**PROBLEM:** Pick up at the line with "For Asus ROG". Write it out exactly, along with each later line through the end of the data, and nothing more.

**PROVIDED DATA:**
┄┄┄┄┄┄┄┄┄┄┄┄┄┄┄┄┄┄┄┄
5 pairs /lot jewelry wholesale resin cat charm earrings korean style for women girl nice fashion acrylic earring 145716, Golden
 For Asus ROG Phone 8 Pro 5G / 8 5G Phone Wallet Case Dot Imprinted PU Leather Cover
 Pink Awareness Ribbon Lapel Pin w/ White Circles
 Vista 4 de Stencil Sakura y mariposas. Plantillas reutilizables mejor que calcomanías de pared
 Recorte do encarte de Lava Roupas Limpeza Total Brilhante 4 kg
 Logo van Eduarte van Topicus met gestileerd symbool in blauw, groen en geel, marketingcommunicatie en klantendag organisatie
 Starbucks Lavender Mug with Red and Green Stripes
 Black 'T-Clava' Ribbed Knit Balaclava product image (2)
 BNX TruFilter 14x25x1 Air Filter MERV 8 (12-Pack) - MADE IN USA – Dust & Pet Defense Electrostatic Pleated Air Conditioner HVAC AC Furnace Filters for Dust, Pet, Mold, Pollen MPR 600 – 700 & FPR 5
┄┄┄┄┄┄┄┄┄┄┄┄┄┄┄┄┄┄┄┄
**WRITTEN ANSWER:**
 For Asus ROG Phone 8 Pro 5G / 8 5G Phone Wallet Case Dot Imprinted PU Leather Cover
 Pink Awareness Ribbon Lapel Pin w/ White Circles
 Vista 4 de Stencil Sakura y mariposas. Plantillas reutilizables mejor que calcomanías de pared
 Recorte do encarte de Lava Roupas Limpeza Total Brilhante 4 kg
 Logo van Eduarte van Topicus met gestileerd symbool in blauw, groen en geel, marketingcommunicatie en klantendag organisatie
 Starbucks Lavender Mug with Red and Green Stripes
 Black 'T-Clava' Ribbed Knit Balaclava product image (2)
 BNX TruFilter 14x25x1 Air Filter MERV 8 (12-Pack) - MADE IN USA – Dust & Pet Defense Electrostatic Pleated Air Conditioner HVAC AC Furnace Filters for Dust, Pet, Mold, Pollen MPR 600 – 700 & FPR 5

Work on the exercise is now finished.